● **WHAT TO DO**
Scan the entries below and tally the lines that include "good". Return nothing but the tally.

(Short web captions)
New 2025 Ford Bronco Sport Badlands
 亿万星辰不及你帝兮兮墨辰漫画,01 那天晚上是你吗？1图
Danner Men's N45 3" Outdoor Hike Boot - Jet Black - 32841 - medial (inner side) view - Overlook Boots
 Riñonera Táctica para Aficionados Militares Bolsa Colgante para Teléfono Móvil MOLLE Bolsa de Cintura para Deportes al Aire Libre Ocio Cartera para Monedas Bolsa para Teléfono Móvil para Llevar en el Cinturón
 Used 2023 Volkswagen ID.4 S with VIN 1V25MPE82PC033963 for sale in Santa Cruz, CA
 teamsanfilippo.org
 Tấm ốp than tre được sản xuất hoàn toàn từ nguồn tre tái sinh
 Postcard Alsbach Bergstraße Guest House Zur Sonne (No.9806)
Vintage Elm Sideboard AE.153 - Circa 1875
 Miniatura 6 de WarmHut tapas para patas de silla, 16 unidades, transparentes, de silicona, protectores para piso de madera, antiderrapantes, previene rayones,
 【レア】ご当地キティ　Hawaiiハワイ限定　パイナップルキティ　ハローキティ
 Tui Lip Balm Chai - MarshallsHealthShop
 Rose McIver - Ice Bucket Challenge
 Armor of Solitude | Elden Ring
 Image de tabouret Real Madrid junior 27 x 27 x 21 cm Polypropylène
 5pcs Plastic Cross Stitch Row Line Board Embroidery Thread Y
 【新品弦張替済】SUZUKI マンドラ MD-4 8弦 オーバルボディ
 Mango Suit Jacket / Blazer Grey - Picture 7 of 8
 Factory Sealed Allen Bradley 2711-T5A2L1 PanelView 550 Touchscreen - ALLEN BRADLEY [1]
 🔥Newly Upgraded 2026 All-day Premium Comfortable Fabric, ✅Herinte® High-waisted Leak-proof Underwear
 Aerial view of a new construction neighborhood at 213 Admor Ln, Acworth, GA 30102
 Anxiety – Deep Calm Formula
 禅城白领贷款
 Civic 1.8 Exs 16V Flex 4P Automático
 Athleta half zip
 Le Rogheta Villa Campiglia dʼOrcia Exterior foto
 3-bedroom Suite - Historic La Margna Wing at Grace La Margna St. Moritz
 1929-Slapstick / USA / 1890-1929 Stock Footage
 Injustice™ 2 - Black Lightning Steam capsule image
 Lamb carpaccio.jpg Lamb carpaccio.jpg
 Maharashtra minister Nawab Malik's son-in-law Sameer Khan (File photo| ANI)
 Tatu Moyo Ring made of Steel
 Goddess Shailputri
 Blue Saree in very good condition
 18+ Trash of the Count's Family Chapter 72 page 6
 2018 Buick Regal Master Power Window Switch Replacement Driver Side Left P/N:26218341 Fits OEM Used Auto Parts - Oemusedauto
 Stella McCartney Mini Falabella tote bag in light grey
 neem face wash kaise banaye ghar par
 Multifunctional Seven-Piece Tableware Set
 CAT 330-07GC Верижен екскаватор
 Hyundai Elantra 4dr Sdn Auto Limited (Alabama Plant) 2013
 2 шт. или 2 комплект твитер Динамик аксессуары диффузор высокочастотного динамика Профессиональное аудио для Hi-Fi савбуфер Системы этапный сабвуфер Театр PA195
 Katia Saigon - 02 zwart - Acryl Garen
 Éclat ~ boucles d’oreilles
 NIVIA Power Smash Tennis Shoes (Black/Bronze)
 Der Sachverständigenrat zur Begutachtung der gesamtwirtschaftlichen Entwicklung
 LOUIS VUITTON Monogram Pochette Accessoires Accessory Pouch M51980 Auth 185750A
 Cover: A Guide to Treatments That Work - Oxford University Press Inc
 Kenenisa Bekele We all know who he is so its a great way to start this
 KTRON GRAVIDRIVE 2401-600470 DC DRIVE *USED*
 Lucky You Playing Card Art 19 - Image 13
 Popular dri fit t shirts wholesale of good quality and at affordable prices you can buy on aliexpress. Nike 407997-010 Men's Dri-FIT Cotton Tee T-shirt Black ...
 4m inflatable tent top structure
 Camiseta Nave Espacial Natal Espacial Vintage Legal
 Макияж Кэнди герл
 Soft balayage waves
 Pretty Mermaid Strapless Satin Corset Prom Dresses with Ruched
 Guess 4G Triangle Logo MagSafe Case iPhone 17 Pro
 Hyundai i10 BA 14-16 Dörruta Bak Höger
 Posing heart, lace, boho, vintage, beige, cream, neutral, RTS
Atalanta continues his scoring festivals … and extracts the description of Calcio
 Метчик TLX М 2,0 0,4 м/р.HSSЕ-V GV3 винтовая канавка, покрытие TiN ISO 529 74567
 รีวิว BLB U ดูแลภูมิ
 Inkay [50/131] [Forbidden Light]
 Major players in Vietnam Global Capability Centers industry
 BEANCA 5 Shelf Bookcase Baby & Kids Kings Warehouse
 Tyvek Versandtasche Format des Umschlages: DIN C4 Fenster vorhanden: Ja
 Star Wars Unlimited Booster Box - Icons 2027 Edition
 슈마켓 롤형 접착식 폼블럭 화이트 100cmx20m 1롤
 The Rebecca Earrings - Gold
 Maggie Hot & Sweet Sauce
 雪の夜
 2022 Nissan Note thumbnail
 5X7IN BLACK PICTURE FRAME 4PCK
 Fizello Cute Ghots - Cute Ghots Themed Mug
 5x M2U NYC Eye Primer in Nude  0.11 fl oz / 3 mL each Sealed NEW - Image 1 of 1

● **COMPLETED TASK**
2